## WHAT TO PRODUCE
Which lines run from the one containing "Join facebook to" to the end of the material below? Retype exactly those, both ends included, and nothing else.

## PROVIDED DATA
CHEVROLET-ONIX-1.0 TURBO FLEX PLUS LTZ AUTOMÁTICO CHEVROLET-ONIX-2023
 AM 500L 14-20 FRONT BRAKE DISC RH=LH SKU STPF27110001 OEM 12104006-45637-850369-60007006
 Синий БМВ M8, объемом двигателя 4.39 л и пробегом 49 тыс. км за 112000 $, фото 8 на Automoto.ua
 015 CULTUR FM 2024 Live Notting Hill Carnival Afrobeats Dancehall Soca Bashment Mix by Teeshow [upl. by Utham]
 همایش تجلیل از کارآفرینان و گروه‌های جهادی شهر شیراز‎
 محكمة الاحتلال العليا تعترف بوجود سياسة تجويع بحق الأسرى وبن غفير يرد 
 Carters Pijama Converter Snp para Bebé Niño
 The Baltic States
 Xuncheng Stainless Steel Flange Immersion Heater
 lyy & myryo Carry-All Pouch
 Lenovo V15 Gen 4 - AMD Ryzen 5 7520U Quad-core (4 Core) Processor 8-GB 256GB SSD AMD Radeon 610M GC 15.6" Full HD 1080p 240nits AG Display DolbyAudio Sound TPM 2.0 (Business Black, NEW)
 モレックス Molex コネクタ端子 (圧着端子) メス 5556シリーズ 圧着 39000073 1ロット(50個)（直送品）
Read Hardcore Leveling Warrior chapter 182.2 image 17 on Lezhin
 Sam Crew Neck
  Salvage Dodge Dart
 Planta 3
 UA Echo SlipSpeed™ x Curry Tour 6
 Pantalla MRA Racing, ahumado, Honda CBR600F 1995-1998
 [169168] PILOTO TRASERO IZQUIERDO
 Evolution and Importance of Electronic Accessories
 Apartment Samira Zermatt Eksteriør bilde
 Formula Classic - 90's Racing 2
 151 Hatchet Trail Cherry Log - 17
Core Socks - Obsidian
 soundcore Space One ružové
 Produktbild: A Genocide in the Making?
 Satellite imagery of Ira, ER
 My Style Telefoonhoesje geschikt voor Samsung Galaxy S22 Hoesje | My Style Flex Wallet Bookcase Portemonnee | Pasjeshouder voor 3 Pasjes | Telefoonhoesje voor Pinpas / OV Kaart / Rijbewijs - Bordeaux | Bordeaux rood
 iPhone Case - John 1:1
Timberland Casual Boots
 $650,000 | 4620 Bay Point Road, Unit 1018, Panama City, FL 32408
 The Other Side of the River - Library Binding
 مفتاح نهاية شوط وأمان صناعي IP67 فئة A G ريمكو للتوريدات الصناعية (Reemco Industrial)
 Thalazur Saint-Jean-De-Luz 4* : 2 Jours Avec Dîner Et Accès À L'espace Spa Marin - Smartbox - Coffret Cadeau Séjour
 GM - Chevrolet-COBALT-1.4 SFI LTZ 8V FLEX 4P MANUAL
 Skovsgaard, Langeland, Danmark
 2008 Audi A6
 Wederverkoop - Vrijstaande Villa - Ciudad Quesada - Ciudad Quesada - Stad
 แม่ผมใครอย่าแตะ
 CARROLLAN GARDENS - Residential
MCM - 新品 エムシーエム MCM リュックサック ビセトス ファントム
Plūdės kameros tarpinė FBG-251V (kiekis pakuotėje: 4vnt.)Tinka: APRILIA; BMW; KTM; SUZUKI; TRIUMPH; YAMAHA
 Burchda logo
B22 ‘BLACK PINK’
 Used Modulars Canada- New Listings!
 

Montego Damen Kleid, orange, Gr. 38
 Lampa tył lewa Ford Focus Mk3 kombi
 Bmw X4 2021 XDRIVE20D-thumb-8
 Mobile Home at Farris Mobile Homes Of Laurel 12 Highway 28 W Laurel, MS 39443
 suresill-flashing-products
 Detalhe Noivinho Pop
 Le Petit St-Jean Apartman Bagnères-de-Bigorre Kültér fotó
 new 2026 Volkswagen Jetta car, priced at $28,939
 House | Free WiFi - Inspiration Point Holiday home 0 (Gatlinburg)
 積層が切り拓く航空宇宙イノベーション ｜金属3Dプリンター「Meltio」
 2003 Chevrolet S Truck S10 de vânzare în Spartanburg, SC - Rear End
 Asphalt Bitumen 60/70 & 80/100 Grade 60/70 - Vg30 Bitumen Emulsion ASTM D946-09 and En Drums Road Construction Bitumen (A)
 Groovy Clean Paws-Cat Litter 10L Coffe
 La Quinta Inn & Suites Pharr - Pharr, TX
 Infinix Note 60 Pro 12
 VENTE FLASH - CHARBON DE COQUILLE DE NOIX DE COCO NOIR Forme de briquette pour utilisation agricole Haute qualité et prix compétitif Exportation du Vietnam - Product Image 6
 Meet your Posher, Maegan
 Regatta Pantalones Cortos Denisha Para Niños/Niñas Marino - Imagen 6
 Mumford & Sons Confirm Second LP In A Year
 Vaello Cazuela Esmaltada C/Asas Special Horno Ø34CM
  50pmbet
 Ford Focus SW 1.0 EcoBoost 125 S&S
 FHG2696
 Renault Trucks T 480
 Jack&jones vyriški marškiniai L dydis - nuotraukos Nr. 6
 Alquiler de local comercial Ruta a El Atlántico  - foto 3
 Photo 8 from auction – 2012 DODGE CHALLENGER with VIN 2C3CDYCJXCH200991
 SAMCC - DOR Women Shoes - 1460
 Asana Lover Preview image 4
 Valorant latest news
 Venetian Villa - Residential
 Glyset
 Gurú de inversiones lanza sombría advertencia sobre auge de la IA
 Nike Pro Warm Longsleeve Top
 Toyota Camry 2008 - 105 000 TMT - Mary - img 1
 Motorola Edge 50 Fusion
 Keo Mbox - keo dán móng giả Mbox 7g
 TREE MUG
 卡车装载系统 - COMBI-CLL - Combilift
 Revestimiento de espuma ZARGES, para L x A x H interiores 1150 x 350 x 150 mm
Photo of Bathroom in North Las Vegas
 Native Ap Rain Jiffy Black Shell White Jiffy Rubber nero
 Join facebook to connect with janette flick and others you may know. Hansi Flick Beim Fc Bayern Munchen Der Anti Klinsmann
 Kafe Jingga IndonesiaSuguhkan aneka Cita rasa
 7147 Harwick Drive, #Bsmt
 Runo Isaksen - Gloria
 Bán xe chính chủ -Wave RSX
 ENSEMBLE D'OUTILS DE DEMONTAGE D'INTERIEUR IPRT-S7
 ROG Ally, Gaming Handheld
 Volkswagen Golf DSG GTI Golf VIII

## EXERCISE RESPONSE
 Join facebook to connect with janette flick and others you may know. Hansi Flick Beim Fc Bayern Munchen Der Anti Klinsmann
 Kafe Jingga IndonesiaSuguhkan aneka Cita rasa
 7147 Harwick Drive, #Bsmt
 Runo Isaksen - Gloria
 Bán xe chính chủ -Wave RSX
 ENSEMBLE D'OUTILS DE DEMONTAGE D'INTERIEUR IPRT-S7
 ROG Ally, Gaming Handheld
 Volkswagen Golf DSG GTI Golf VIII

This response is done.